=== Section Start ===

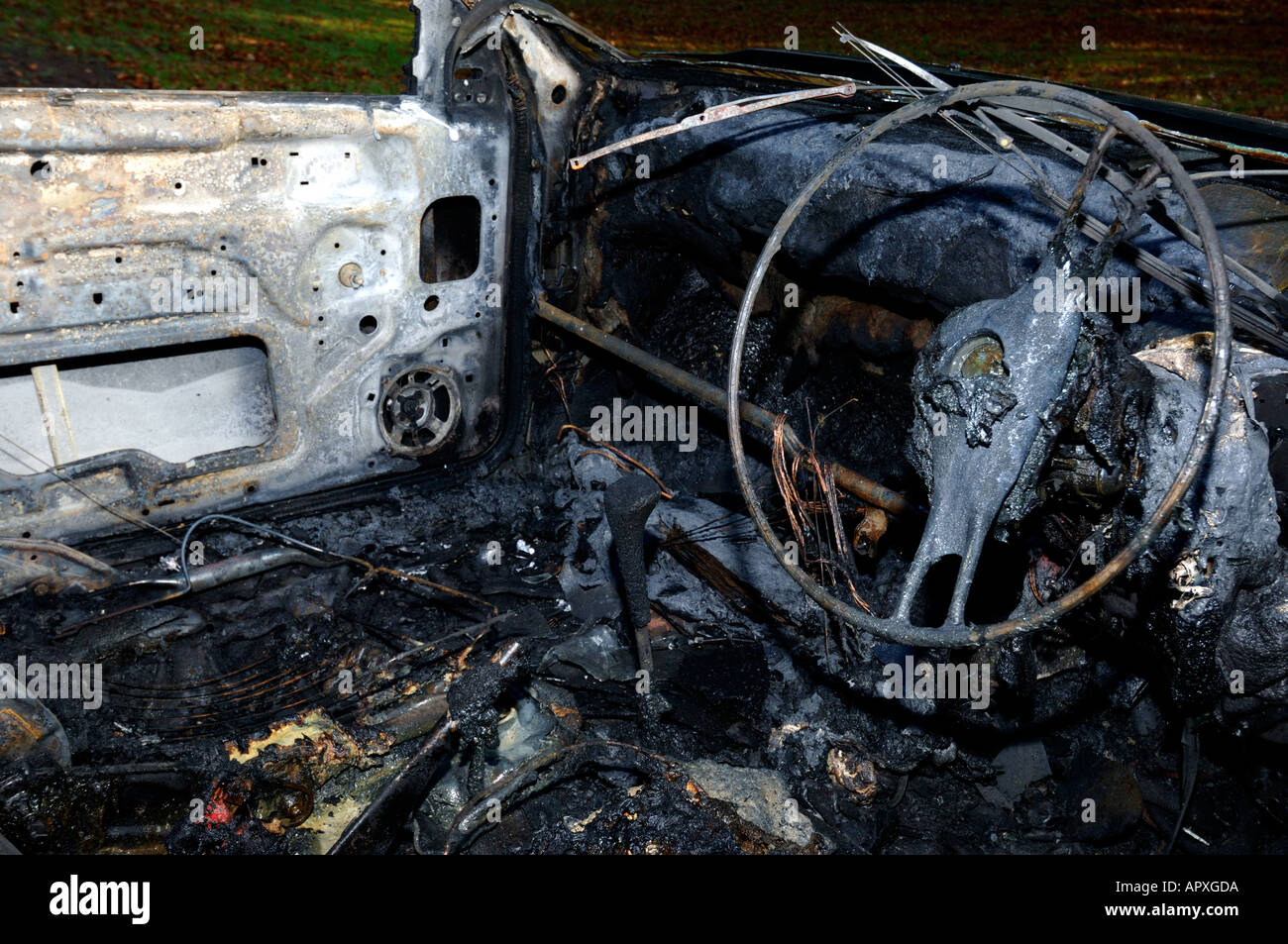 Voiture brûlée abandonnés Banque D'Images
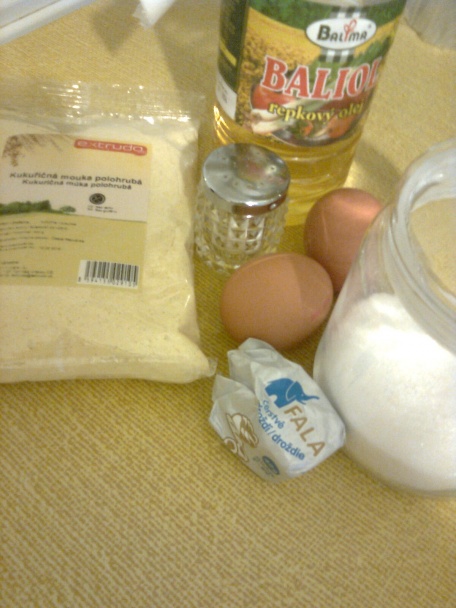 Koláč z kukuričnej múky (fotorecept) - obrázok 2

=== Section End ===
=== Section Start ===

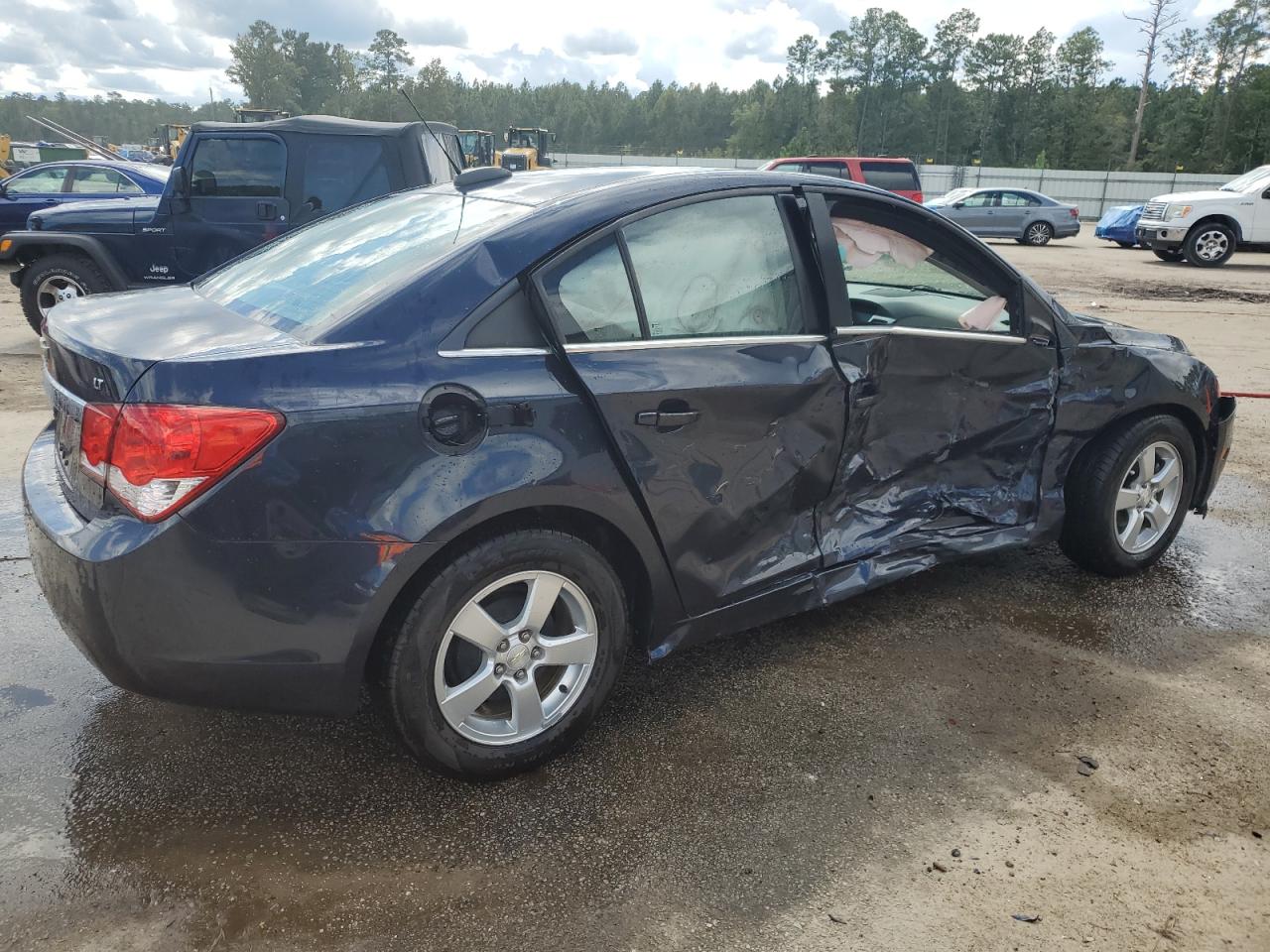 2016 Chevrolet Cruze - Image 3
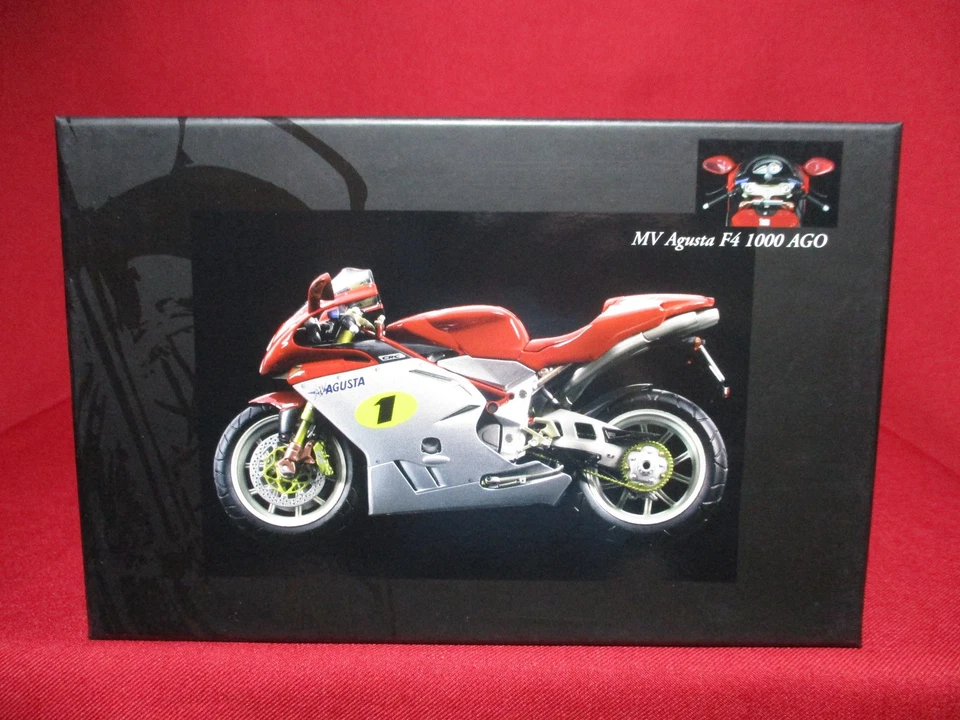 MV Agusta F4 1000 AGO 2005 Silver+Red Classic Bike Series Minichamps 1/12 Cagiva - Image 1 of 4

=== Section End ===

**Exercise brief:** Within the entries above, the lines from the one containing "Voiture brûlée abandonnés Banque D'Images" through the one containing "Koláč z kukuričnej" are to be transcribed exactly, ends included, pictures excluded.

**Task response:**
 Voiture brûlée abandonnés Banque D'Images
 Koláč z kukuričnej múky (fotorecept) - obrázok 2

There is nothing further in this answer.